E allora, su questo sì, Shirer ha ragione: le singole persone forse non hanno il potere di condizionare il corso della storia, ma le persone giuste (o sbagliate) al momento giusto (o sbagliato) possono fare da catalizzatore e suscitare reazioni a catena devastanti. L’ho già scritto, forse, ma ci insisto, perché è un punto che mi inquieta molto. Il potere dei mediocri, specie se arrivisti, è incalcolabile. «Questo era il coacervo di uomini attorno al capo dei nazionalsocialisti», osserva Shirer dopo aver tracciato un breve profilo dei principali gerarchi: «in una società normale, essi sarebbero apparsi come un grottesco assortimento di scombinati. Invece negli ultimi caotici tempi della Repubblica, a milioni di confusi tedeschi essi cominciarono ad apparire come dei salvatori». Di riflesso, slogan e ragionamenti che sarebbero apparsi insensati a una mente appena appena pensante, per ragioni credo mimetiche diventarono rapidamente inattaccabile senso comune, non appena la loro iterazione superò una certa soglia critica. «Spesso, in una casa o in un ufficio tedesco, e talvolta durante una conversazione occasionale con uno sconosciuto al ristorante, in una birreria o in un caffè, mi è capitato di trovarmi di fronte alle asserzioni più strane da parte di persone apparentemente istruite e intelligenti. (…) Qualche volta si cedeva alla tentazione di farlo notare, ma si era accolti in questo caso da un tale sguardo di incredulità, da una tale reazione di silenzio (come se si fosse bestemmiato contro l’Onnipotente) che si capiva quanto fosse inutile perfino tentare di prendere contatto con una mente ormai deformata, per la quale la realtà delle cose era divenuta quella che Hitler e Goebbels, cinicamente incuranti della verità, indicavano come tale». 

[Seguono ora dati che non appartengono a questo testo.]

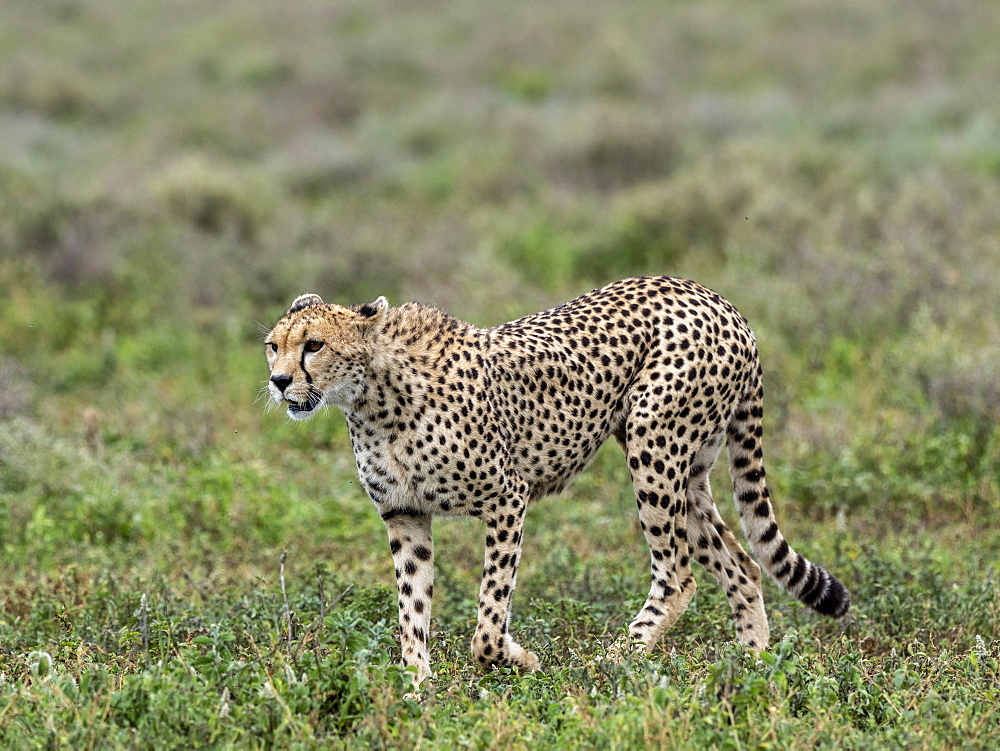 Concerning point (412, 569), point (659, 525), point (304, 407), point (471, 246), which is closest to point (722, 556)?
point (659, 525)

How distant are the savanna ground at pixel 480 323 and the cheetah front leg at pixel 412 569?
195 millimetres

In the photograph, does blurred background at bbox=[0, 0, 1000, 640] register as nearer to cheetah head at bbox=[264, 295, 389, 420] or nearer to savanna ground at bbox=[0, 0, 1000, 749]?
savanna ground at bbox=[0, 0, 1000, 749]

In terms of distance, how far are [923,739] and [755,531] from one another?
1.53 meters

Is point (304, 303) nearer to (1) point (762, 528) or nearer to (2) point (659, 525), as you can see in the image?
(2) point (659, 525)

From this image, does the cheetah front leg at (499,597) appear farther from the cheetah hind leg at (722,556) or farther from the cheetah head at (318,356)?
the cheetah hind leg at (722,556)

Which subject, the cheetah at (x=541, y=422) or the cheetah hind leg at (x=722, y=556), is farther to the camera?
the cheetah hind leg at (x=722, y=556)

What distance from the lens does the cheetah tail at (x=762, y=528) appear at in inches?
189

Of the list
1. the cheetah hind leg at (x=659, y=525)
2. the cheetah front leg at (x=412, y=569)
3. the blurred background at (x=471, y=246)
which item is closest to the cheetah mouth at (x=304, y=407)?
the cheetah front leg at (x=412, y=569)

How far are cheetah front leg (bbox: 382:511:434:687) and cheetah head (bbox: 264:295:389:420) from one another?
49 centimetres

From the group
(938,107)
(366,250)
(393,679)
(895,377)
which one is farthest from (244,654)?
(938,107)

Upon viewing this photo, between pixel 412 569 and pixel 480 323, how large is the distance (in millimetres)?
4495

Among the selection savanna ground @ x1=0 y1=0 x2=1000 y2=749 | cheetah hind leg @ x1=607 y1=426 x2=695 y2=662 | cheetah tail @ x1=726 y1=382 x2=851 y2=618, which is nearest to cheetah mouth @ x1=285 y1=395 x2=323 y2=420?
savanna ground @ x1=0 y1=0 x2=1000 y2=749

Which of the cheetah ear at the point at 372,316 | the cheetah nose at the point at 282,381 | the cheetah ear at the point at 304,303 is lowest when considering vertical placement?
the cheetah nose at the point at 282,381

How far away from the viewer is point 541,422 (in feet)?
15.1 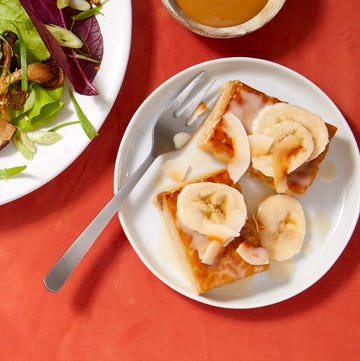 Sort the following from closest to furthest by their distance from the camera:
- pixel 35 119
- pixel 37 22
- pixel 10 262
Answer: pixel 37 22
pixel 35 119
pixel 10 262

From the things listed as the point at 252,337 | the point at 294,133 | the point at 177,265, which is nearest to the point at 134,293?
the point at 177,265

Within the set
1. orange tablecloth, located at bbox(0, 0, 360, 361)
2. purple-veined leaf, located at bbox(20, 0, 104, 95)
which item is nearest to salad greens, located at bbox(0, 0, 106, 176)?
purple-veined leaf, located at bbox(20, 0, 104, 95)

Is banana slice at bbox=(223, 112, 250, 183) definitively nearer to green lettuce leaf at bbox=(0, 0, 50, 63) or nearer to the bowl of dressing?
the bowl of dressing

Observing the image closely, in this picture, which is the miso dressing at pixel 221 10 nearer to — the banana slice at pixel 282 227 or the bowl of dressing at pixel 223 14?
the bowl of dressing at pixel 223 14

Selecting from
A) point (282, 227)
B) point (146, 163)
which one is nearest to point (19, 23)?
point (146, 163)

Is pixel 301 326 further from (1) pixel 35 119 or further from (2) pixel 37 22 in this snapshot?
(2) pixel 37 22

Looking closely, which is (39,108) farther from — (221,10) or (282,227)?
(282,227) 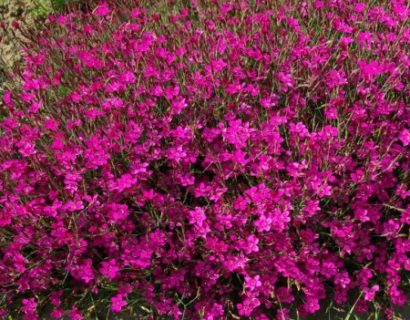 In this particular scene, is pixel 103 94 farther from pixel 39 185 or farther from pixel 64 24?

Capita, quando un narcisista monomaniacale incontra una massa di risentiti e la convince di essere “uno di loro”, appartenente anch’egli, come si legge nel Mein Kampf, al «gregge degli anonimi, a quei milioni di individui che il destino lascia vivere e poi richiama dalla vita, senza che la loro esistenza sia comunque presa in considerazione da qualcuno». Prototipo di tutti gli sbandati che, non avendocela fatta, gridano al complotto, molto più uomo del sottosuolo che non übermensch, Hitler riesce nella manipolazione suprema di presentarsi come uno che sarebbe disposto a morire per il suo popolo, quando in realtà tutto ciò che gli riesce di fare è solo di esigere che il suo popolo muoia con lui. Si finisce così, se si antepone la lusinga alla sostanza. Per dirne solo una, senza arrivare neanche ai campi di sterminio, «tutti i propagandisti del Terzo Reich, da Hitler ai suoi seguaci, non mancavano mai, nei loro discorsi in pubblico, di scagliarsi contro la borghesia e i capitalisti, dichiarando la loro solidarietà con i lavoratori. Ma uno studio attento delle statistiche ufficiali, che probabilmente ben pochi tedeschi si prendevano la briga di calcolare, rivelava che erano i tanto attaccati capitalisti, e non i lavoratori, a trarre i maggiori benefici dalla politica nazista» - che è poi la stessa cosa che accade anche oggi con i nostri cosiddetti sovranisti. Contenti voi, se continuano a piacervi capitani di questo genere.

(Finito il 13 dicembre 2019)

Ho parlato di

William L. Shirer
Storia del Terzo Reich
(Einaudi, 1962)

Trad. di G. Glaesser

2 voll. | 1778 pp. | 4000 lire

(ed. or.: The Rise and Fall of the Third Reich, 1960).